Dorothy Vaughan

Hello. This blog post is talking about how I came to admire Dorothy Vaughan.

Dorothy Vaughan link

I learned about Dorothy Vaughan when I first saw the movie Hidden Figures. Being a software engineer, I was aware that there were many historical women who deserved more credit for major computing and engineering advances, especially within NASA. In particular, I also looked up to Ada Lovelace, Grace Hopper, and Margaret Hamilton, who invented modern software and landed men on the moon. I knew about Hamilton mainly from her iconic photo posing with stacks of code printed out. However, it was not until Hidden Figures that I discovered the underrepresented black women in computer science.

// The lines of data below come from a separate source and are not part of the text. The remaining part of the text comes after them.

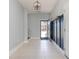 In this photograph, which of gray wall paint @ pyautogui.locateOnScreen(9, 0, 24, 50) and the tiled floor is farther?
gray wall paint @ pyautogui.locateOnScreen(9, 0, 24, 50)

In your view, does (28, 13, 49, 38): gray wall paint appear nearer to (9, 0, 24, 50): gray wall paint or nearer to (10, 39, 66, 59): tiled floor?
(9, 0, 24, 50): gray wall paint

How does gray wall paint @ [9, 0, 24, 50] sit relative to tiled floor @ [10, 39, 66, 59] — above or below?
above

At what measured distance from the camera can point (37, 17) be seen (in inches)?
601

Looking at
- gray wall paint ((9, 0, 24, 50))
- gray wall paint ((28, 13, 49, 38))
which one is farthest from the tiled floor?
gray wall paint ((28, 13, 49, 38))

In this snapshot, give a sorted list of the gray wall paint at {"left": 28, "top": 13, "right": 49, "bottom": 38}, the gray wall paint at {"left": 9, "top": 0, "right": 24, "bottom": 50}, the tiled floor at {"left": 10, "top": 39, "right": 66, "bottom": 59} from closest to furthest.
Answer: the tiled floor at {"left": 10, "top": 39, "right": 66, "bottom": 59}
the gray wall paint at {"left": 9, "top": 0, "right": 24, "bottom": 50}
the gray wall paint at {"left": 28, "top": 13, "right": 49, "bottom": 38}

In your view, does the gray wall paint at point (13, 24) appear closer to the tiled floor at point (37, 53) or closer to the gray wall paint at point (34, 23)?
the tiled floor at point (37, 53)

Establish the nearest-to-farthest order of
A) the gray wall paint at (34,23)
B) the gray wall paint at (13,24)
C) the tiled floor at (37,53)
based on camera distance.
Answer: the tiled floor at (37,53), the gray wall paint at (13,24), the gray wall paint at (34,23)

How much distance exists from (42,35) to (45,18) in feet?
7.39

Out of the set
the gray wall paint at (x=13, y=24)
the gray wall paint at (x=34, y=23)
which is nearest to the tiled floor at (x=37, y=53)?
the gray wall paint at (x=13, y=24)

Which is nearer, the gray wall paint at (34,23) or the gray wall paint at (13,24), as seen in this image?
the gray wall paint at (13,24)

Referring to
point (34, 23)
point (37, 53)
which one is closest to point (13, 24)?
point (37, 53) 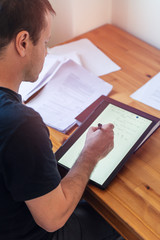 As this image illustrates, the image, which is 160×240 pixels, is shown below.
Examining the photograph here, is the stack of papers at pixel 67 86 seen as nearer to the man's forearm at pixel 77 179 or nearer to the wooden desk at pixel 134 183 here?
the wooden desk at pixel 134 183

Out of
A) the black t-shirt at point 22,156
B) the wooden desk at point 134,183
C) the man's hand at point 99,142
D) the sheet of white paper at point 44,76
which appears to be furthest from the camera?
the sheet of white paper at point 44,76

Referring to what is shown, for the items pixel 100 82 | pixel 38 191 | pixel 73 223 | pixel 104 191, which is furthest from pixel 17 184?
pixel 100 82

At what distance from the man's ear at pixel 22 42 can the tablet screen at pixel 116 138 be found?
353mm

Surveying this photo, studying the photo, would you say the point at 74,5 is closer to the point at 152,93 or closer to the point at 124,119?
the point at 152,93

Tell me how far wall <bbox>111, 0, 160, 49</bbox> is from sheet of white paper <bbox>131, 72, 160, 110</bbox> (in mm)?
300

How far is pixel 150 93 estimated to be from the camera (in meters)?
1.14

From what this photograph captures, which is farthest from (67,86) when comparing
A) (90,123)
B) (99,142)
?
(99,142)

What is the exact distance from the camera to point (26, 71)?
0.76 meters

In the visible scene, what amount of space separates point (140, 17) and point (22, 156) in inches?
42.1

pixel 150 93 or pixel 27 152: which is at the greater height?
pixel 27 152

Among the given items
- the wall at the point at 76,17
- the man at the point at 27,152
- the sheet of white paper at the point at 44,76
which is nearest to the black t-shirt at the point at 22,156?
the man at the point at 27,152

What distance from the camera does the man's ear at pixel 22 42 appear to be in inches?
26.4

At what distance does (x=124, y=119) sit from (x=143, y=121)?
6 cm

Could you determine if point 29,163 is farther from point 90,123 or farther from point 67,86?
point 67,86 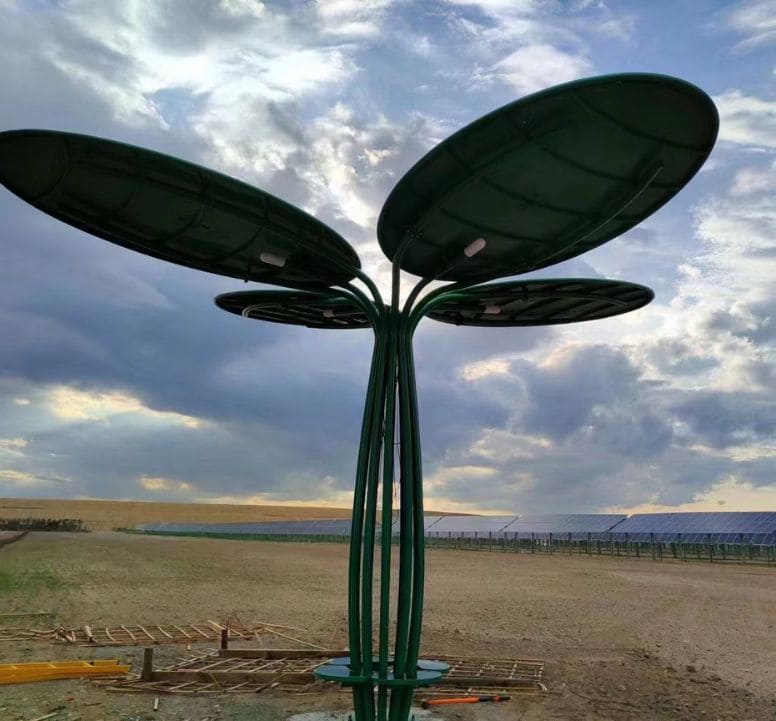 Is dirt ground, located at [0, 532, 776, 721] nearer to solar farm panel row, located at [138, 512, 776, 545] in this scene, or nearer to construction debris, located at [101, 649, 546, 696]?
construction debris, located at [101, 649, 546, 696]

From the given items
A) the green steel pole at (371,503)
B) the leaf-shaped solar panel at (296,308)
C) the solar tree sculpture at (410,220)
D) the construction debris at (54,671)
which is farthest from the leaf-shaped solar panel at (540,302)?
the construction debris at (54,671)

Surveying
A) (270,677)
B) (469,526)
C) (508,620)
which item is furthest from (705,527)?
(270,677)

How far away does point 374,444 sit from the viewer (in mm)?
11414


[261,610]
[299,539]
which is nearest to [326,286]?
[261,610]

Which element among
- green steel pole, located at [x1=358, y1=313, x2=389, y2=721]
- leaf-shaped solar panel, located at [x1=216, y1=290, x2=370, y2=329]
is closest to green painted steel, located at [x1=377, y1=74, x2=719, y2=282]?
green steel pole, located at [x1=358, y1=313, x2=389, y2=721]

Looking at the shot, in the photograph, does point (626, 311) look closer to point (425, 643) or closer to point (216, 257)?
point (216, 257)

I became particularly interested in Vaughan for her role in management in NASA and not only focusing on her own advancement but also bringing up women of color all around her. In an iconic scene in the movie, she is shown leading all the black women from the West Computing Group into the room with the IBMs to help get coding started within NASA. I particularly admired her focus on lifting up not only herself, but everyone around her. Another scene from the movie which I really connected with is when she is racially discriminated at a library and steals a book after being kicked out. She follows her own moral code and knows what fair is.

While I understand, the movie representation of is not exactly accurate to her personality, her overall character inspires me, and I like to think that I view the world in a similar way and call out injustice when I see it, doing the best I can to lift up those around me, especially in technology.